What combo will give me the fastest internet speeds?


----------



## greenbrucelee (Apr 24, 2007)

well this a hard question because we dont know where in the world you are, this website is visited by people from all over the world.

comcast is a popular one in the US but comcast doesn't exist in the UK so we need to know where you are.


----------



## sobeit (Nov 11, 2007)

there is absolutely no way to answer this. basically it depend upon your location including the part of town you live in in regards to the isp. as far as router, it depends upon the layout of the home and what is in it. the modem depends upon who the isp is.
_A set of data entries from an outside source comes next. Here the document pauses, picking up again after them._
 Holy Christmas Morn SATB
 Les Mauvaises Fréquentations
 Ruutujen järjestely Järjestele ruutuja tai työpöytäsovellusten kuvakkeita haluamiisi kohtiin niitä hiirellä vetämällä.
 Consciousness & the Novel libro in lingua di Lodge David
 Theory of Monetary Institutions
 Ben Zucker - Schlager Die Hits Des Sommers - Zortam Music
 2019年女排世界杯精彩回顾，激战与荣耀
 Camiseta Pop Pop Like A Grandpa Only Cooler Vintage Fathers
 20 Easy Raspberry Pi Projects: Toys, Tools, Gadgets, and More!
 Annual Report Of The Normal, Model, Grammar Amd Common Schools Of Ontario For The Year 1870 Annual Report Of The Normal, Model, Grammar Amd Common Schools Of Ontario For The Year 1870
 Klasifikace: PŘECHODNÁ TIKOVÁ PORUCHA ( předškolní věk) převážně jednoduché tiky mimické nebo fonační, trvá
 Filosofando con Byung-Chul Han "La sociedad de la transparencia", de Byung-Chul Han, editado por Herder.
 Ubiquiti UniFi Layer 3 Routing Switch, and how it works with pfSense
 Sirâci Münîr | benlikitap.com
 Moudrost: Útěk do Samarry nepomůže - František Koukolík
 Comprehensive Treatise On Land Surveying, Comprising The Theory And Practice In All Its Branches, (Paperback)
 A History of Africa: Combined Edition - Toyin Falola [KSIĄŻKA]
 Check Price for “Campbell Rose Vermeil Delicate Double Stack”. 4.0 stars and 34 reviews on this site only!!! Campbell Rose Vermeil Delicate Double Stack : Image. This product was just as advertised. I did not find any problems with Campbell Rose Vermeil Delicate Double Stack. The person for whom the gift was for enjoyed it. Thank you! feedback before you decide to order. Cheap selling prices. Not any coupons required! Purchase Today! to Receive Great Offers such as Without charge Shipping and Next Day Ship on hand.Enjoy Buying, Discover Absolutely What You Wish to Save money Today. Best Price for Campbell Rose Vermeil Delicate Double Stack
I usually just use the modem the isp gives me and right now have a mid range netgear modem. that is all I need.


----------



## Corday (Mar 3, 2010)

For a home user it depends on your area. If you're really serious and wealthy then a T1 line or the fastest of them all, a DS3/T3 starting at over 3 Grand a month with prices rising with units and bandwidth. I'm only being half serious, however, I do know some folks share a T1 when only one of their units has internet capability. If you fix computers at home a T1 also makes sense.


----------



## Khaoz123 (Aug 1, 2013)

I live in Wisconsin US if it helps you guys


----------



## JimE (Apr 16, 2009)

That is meaningless.

Find out what ISP(s) are even available at your address. In general, most people only have a few options. You then simply pick the best out of what is available to you.


----------



## Khaoz123 (Aug 1, 2013)

Thanks for the help guys


----------